EXTRACTED ENTRIES:

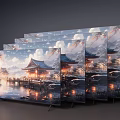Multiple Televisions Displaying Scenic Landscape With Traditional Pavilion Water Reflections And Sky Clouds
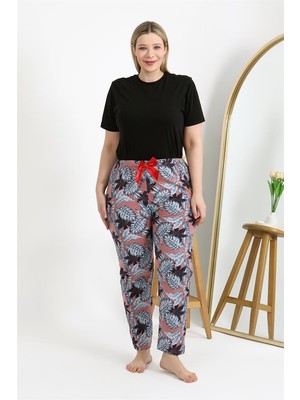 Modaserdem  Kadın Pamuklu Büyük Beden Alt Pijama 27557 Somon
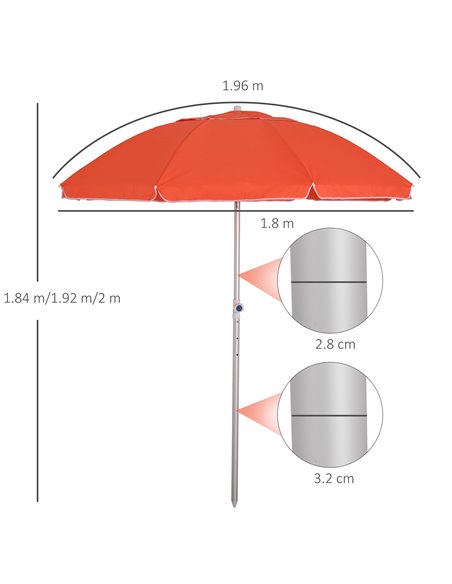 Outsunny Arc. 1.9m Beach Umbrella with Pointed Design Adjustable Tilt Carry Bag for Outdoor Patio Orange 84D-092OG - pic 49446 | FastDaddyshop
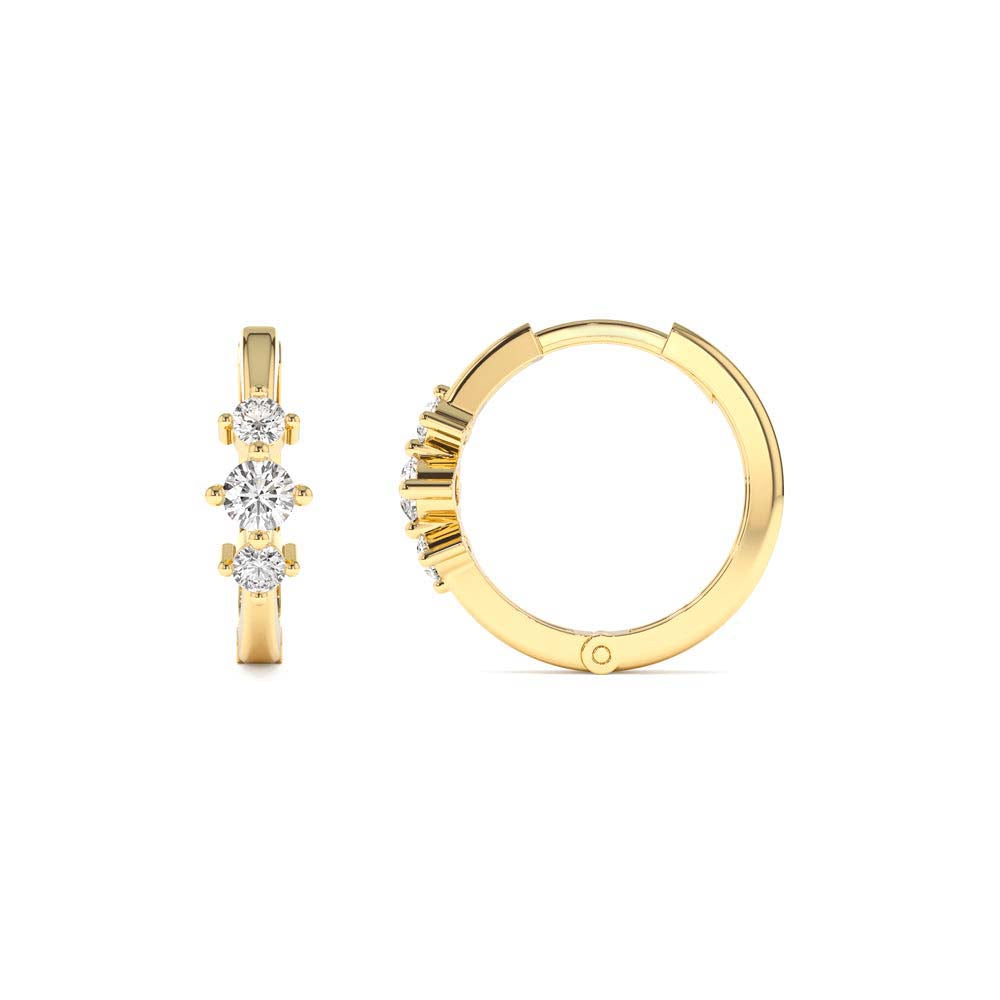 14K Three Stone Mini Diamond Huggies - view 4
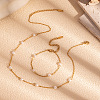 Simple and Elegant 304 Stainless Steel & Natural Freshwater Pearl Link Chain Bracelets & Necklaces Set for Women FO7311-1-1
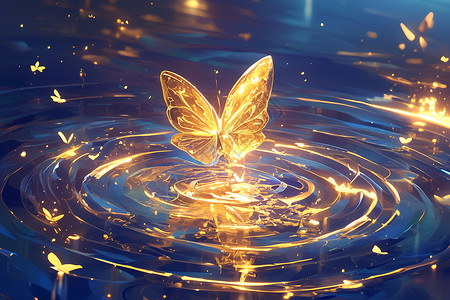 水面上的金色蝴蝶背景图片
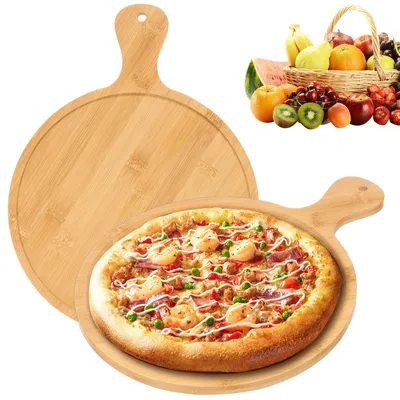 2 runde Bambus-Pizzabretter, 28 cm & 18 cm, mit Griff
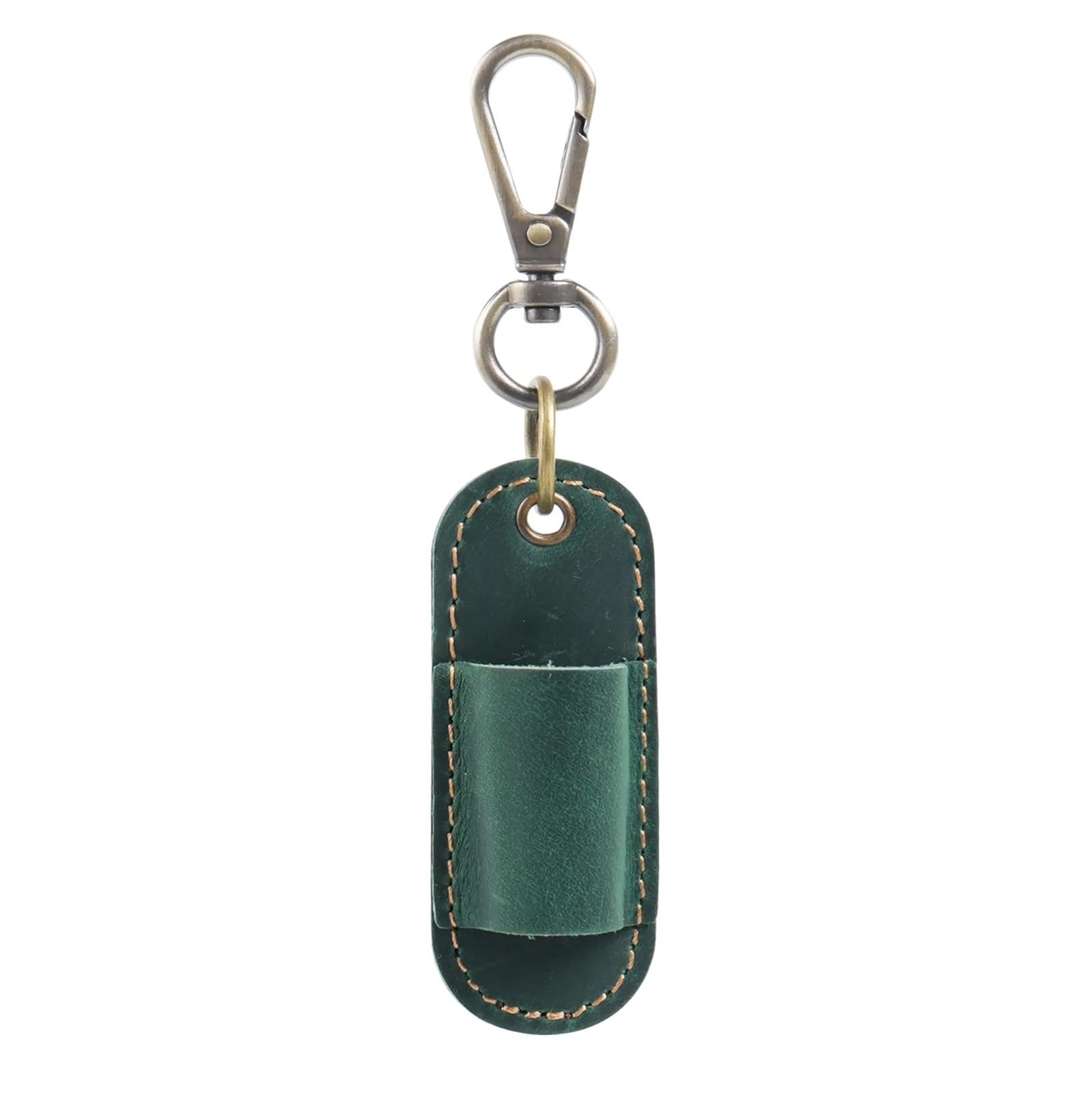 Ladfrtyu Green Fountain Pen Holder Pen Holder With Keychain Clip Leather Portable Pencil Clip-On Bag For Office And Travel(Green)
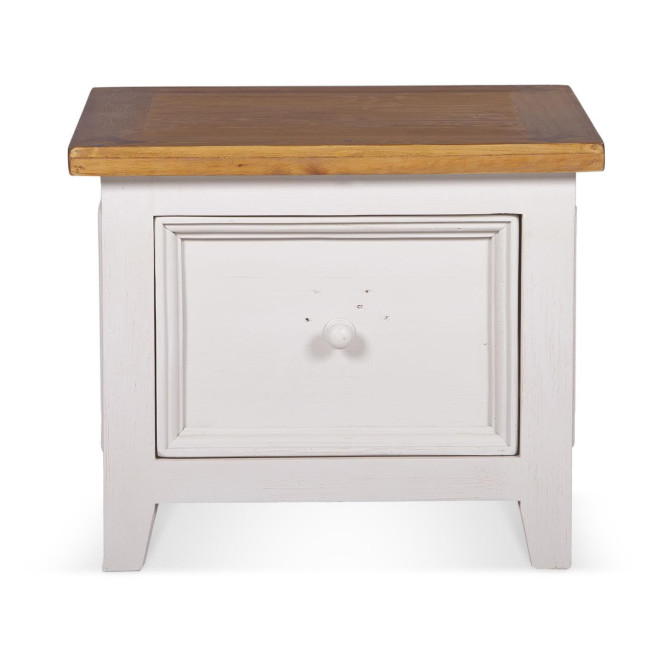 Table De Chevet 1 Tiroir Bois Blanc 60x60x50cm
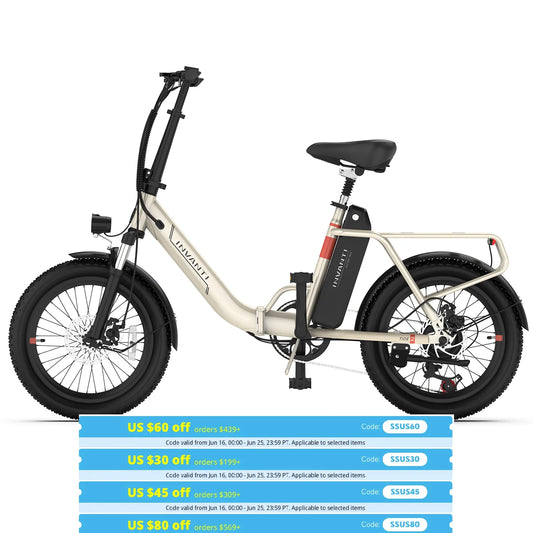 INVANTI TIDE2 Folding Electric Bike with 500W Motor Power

PROBLEM DETAILS: Skip the pictures and retype exactly the lines from the one that contains "Pijama 27557 Somon" to the last line of the records.

RESPONSE TO THIS TASK:
 Modaserdem  Kadın Pamuklu Büyük Beden Alt Pijama 27557 Somon
 Outsunny Arc. 1.9m Beach Umbrella with Pointed Design Adjustable Tilt Carry Bag for Outdoor Patio Orange 84D-092OG - pic 49446 | FastDaddyshop
 14K Three Stone Mini Diamond Huggies - view 4
 Simple and Elegant 304 Stainless Steel & Natural Freshwater Pearl Link Chain Bracelets & Necklaces Set for Women FO7311-1-1
 水面上的金色蝴蝶背景图片
 2 runde Bambus-Pizzabretter, 28 cm & 18 cm, mit Griff
 Ladfrtyu Green Fountain Pen Holder Pen Holder With Keychain Clip Leather Portable Pencil Clip-On Bag For Office And Travel(Green)
 Table De Chevet 1 Tiroir Bois Blanc 60x60x50cm
 INVANTI TIDE2 Folding Electric Bike with 500W Motor Power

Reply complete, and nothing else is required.